The answer must consist of every line from the entries that holds the word "color".

Task input:
= Beginning of Section =

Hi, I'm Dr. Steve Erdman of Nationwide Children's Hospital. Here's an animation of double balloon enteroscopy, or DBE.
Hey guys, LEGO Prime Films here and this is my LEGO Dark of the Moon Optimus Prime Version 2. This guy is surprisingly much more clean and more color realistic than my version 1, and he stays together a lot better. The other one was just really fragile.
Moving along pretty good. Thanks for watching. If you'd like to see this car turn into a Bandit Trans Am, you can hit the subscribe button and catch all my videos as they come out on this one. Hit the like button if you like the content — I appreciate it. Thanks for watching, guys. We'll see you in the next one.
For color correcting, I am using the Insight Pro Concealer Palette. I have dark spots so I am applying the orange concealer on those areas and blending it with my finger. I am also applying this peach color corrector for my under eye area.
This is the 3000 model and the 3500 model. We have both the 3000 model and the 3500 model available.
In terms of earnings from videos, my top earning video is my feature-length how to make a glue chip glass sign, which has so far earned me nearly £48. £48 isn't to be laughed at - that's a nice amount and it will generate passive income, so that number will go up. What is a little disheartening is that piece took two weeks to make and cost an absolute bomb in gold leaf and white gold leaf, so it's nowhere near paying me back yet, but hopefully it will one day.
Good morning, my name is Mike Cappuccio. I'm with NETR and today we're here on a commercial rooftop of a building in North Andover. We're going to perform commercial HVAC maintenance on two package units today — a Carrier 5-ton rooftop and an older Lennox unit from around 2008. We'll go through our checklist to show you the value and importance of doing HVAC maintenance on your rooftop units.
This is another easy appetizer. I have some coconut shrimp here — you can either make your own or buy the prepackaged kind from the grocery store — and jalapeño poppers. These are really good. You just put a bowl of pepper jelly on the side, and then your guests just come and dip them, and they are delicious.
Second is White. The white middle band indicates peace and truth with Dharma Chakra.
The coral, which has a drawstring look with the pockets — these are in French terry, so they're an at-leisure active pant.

= End of Section =
= Beginning of Section =

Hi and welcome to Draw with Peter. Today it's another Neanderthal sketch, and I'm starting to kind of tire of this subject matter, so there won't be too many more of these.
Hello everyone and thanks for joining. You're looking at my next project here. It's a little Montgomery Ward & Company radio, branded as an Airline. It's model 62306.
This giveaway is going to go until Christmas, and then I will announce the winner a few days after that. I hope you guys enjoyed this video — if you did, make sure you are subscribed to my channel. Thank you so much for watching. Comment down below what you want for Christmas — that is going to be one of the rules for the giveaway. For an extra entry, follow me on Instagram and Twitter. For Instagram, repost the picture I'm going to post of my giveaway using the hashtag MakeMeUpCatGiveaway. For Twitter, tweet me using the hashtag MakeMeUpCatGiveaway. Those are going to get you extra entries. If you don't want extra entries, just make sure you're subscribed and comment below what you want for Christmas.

= End of Section =
= Beginning of Section =

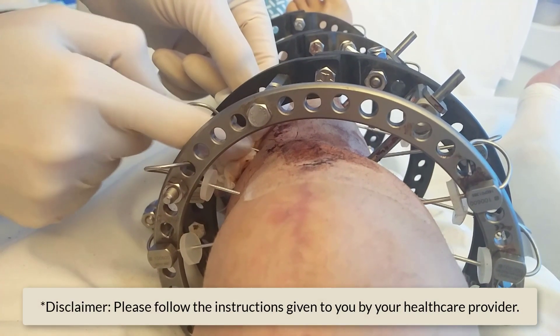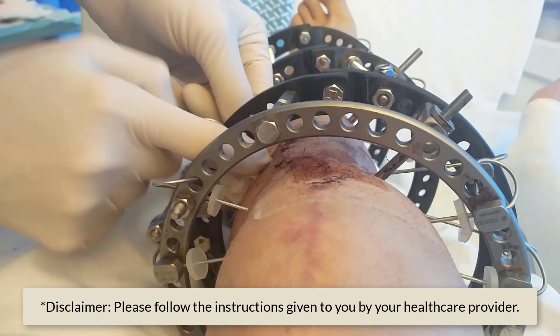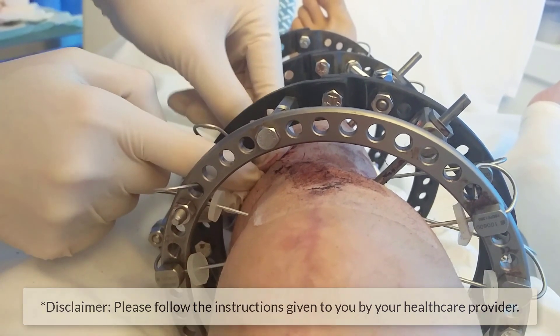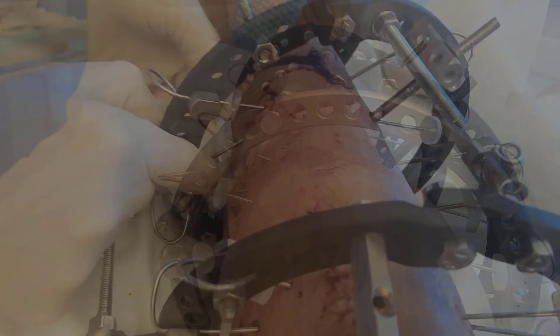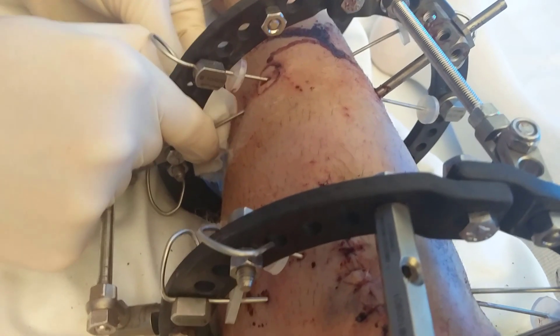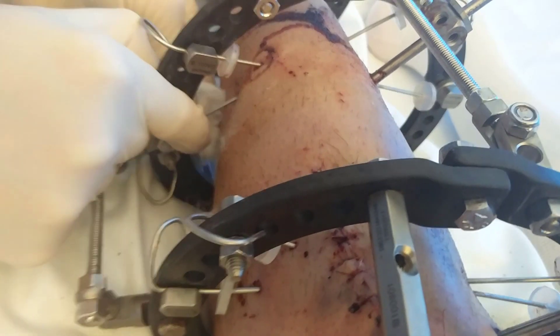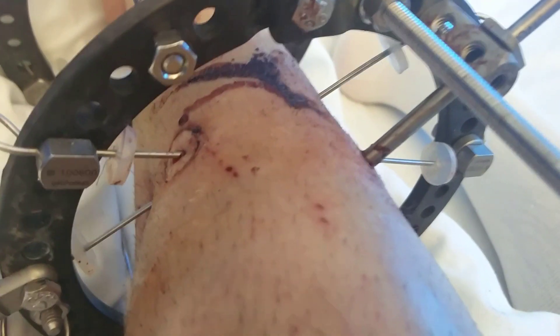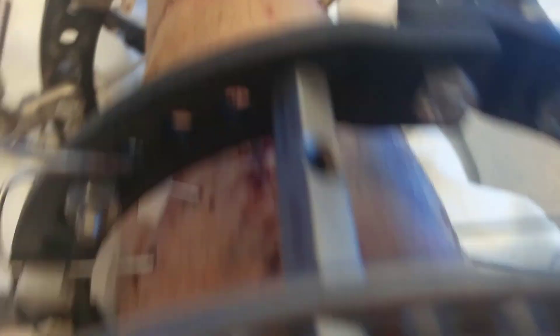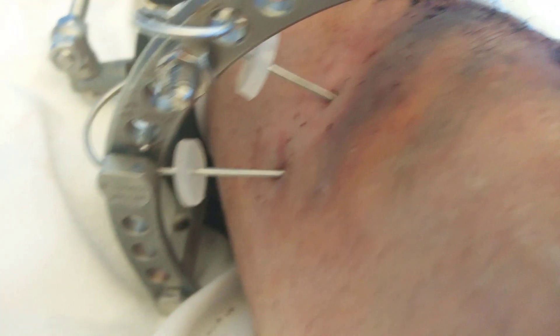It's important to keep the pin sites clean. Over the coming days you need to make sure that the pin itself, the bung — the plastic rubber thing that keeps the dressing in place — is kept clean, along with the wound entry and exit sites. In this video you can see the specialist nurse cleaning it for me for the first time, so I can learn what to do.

= End of Section =

Answer box:
Hey guys, LEGO Prime Films here and this is my LEGO Dark of the Moon Optimus Prime Version 2. This guy is surprisingly much more clean and more color realistic than my version 1, and he stays together a lot better. The other one was just really fragile.
For color correcting, I am using the Insight Pro Concealer Palette. I have dark spots so I am applying the orange concealer on those areas and blending it with my finger. I am also applying this peach color corrector for my under eye area.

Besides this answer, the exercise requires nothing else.